Managing metric-based alerting policies

This document illustrates how to use the Google Cloud Console to create and manage an alerting policy based on metrics. This content does not apply to log-based alerting policies. For information about log-based alerting policies, which notify you when a particular message appears in your logs, see Monitoring your logs.

An alerting policy describes a set of conditions that you want to monitor. These conditions might relate to the health of an application, the value of a system metric, or to resource consumption. For example, you might want a policy that monitors an uptime check or one that monitors your Cloud Monitoring API usage. An alerting policy also lets you specify how you want to be notified when the conditions of the policy are met and what documentation to include in that notification.

You can also use the Cloud Monitoring API to create and manage alerting policies. For more information about this approach, see Managing alerting policies by API. To see policies represented in JSON, see Sample policies.

Before you begin

Before creating alerting policies, you should be familiar with the general concepts and terminology in alerting policies. For information about the components of a policy, the concept of an incident, and pricing and limitations, see Introduction to alerting.

Create an alerting policy

Cloud Monitoring is refreshing the interface that you use to create an alerting policy. This document provides information on the Legacy interface and the Preview interface. If you choose to try the Preview interface, and then want to use the legacy interface, click Return to Legacy UI.

Legacy interface

To create an alerting policy, do the following:

  1. In the Cloud Console, select Monitoring:

    Go to Monitoring

  2. Select Alerting.

  3. Click Create Policy to see the Create alerting policy page:

    Create an alerting policy dialog is displayed.

    1. Click Add condition and complete the dialog.

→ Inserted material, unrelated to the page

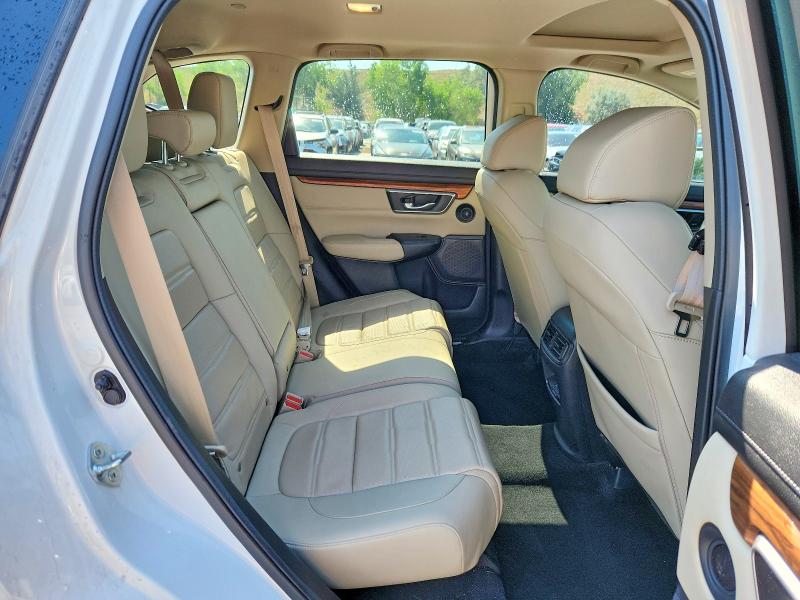 58836016 :رقم المزاد ، 7FARW2H8XNE044578 vin ، 2022 Honda Cr-v مزاد بيع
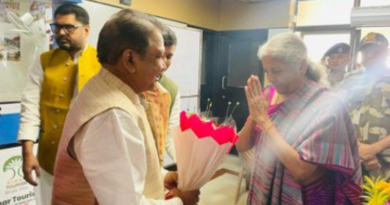 Nirmala Sitharaman’s 2-day visit to Bihar will boost the rural economy of the eastern zone.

For information on the fields in a condition, see Specifying conditions.

      A condition describes a monitored resource, a metric for that resource, and when the condition is met. An alerting policy must have at least 1 condition, however alerting policies can contain up to 6 conditions. If an alerting policy has exactly 1 condition and if the condition is met, then an incident is created. If an alerting policy has multiple conditions, then you specify how these conditions are combined. For more information, see Policies with multiple conditions.

    2. Click Next to advance to the notifications section.

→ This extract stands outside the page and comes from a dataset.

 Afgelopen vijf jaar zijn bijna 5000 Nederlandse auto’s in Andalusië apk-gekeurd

    3. To be informed when an incident is created, add a notification channel to your alerting policy. You can add multiple notification channels. For details about your choices of notification channels, see Notification options.

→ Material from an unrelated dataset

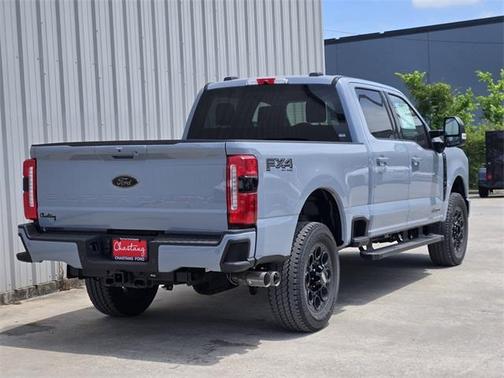 2025 Ford F-350 Lariat Super Duty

      To add a notification channel, click Notification channels. In the dialog, select one or more notification channels from the menu and then click OK.

      Notification dialog displaying the refresh and manage channels buttons.

      If a notification channel that you want to add isn't listed, then click Manage notification channels. You are taken to the Notification channels page in a new browser tab. From this page, you can update the configured notification channels. When you have completed your updates, return to the original tab, click Refresh , and then select the notification channels to add to the alerting policy. For more information, see Creating a channel on demand.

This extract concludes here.